Every morning I take a long bus ride west. I watch as the cityscape transforms outside my window: clean, vibrant streets with shops and cafes give way to a colorful immigrant neighborhoods where beautiful murals compensate for increasing grittiness. Shops become smaller, buildings less well-kept. A grand park unfolds, where statues and gardens hint of a former glory, even as last night’s bullet holes can be glimpsed on a bus stop that morning.  Crossing the park, a border of dignified grey stones stands as the final frontier, a dividing line between a struggling but functioning community and a world where blight and crime overwhelms. From this line it is another twenty minutes before I reach my destination. Where I debark, at the border of Austin and West Garfield Park, is one of Chicago’s roughest neighborhoods. It is a world where problems and obstacles threaten to overwhelm any proposed solutions.

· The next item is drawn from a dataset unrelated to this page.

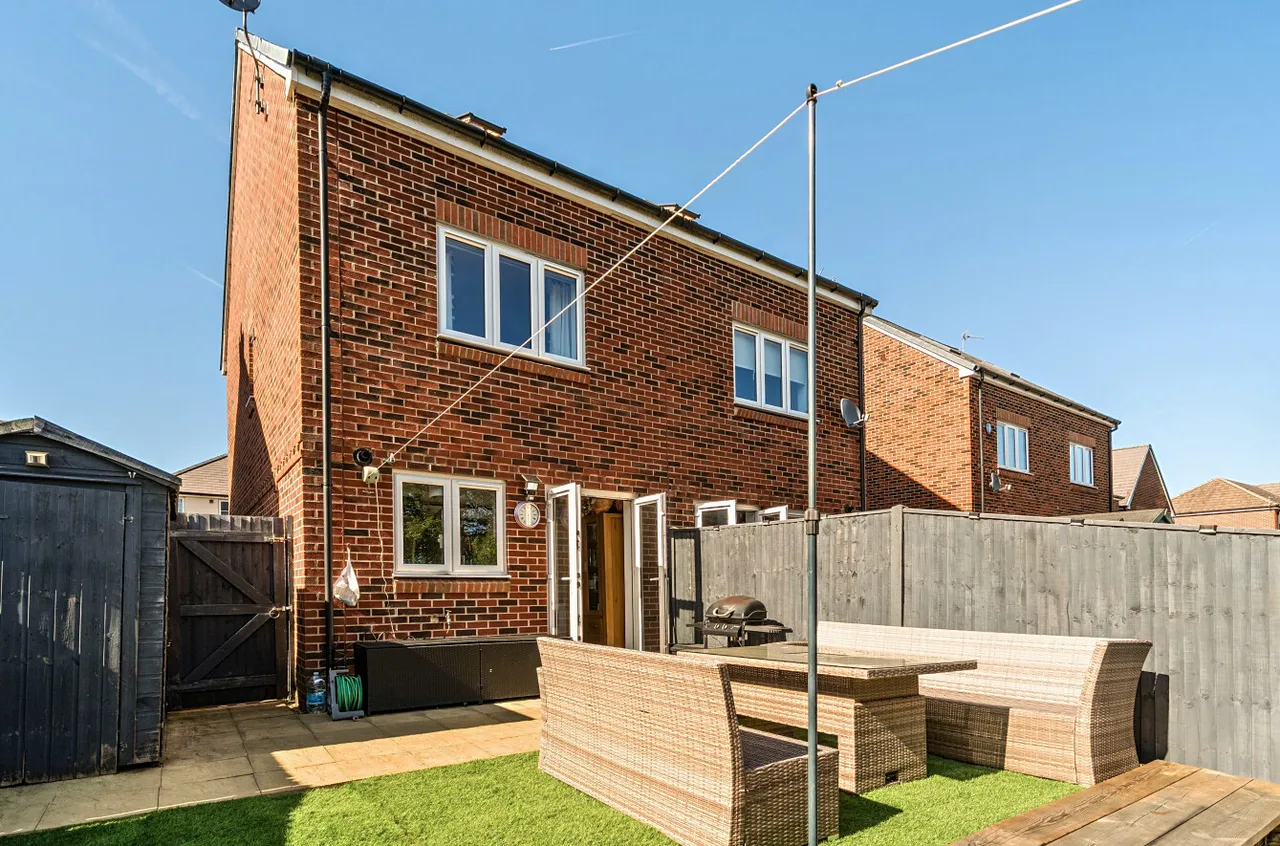 Bello Abbey Way, Alton, GU34, photo 12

The scope of need is so great that available resources seem comparably miniscule. The need for education, for formal economy and employment, for stability and safety, and for physical and psychological health is immense. Unfortunately, the pool of individuals and institutions willing to invest their human, fiscal, and logistical resources is thin. How can any institution, any government even, begin to unwind a massive and tangled ball of social problems? A few years ago I would have answered with reasonable certainty- this is the role of government, no other institution has the resources or the moral imperative to correct failing markets and aid broken communities. Many of these problems can, after all, be traced to misguided public policy and systemic inequality that government has instituted and only government can correct.

Recently, my view has become a bit more nuanced. I have always regarded advocates of decentralization rather skeptically. To me, calls for decentralization and “small government” have always registered as thinly veiled desire for deregulation, reduced taxes and social spending, and individual autonomy over societal responsibility. However, I am beginning to think there may be something to decentralization of a certain kind, and in certain circumstances.

The vibrancy of American civil society is truly astounding, and for better or worse, this sector has largely arisen to fill a void left by the federal government. While civil society lacks the resources and clout of the federal government, it also possesses a fine-grained understanding of the communities in which it operates. Its leaders are “from the block,” they understand community dynamics, and they see forces at work that may be invisible to a competent but distant legislator. This specialized knowledge, and the street credit claimed by indigenous organizations, is absolutely essential in solving deep social problems of crime, poverty, drugs, and reactionary culture. It is more than a battle for funding and resources- it is a battle for local hearts and minds.

I still believe in national leadership- I believe the federal government must set policy agendas, provide essential resources, and hold local actors accountable for progress and results. It is the only entity that can. However, it must step back and allow local actors and organizations to take the lead in devising and implementing solutions. A centralized approach to urban revitalization gave us the urban clearance and ghettoized projects of the 1950s and 60s- disasters from which many American cities are still recovering. The failure of past centralized policy approaches is not justification for an absentee federal government, but it does suggest the need for a more flexible one- one that can set the goals, demand outcomes, and hold the purse strings to ensure delivery.

President Obama’s renewed strategy for Afghanistan* is a departure from nation-building (or stabilizing) efforts of the past. It circumvents centralized power structures and instead empowers local actors. It calls upon Afghans to rebuild their own villages and lives with local leaders, rather than place their faith in a corrupt national regime. And if results don’t appear, neither do the funds. When I read the strategy I couldn’t help but smile, and wonder: during countless strategy sessions, security briefings, and intelligence reviews how often did our president reflect back on his time organizing Chicago’s South Side? As diverse as the world’s problems are, they can be astoundingly transferable. I can only hope that the same holds true for solutions.

* Fall of 2009, See NYT Dec. 1, 2009.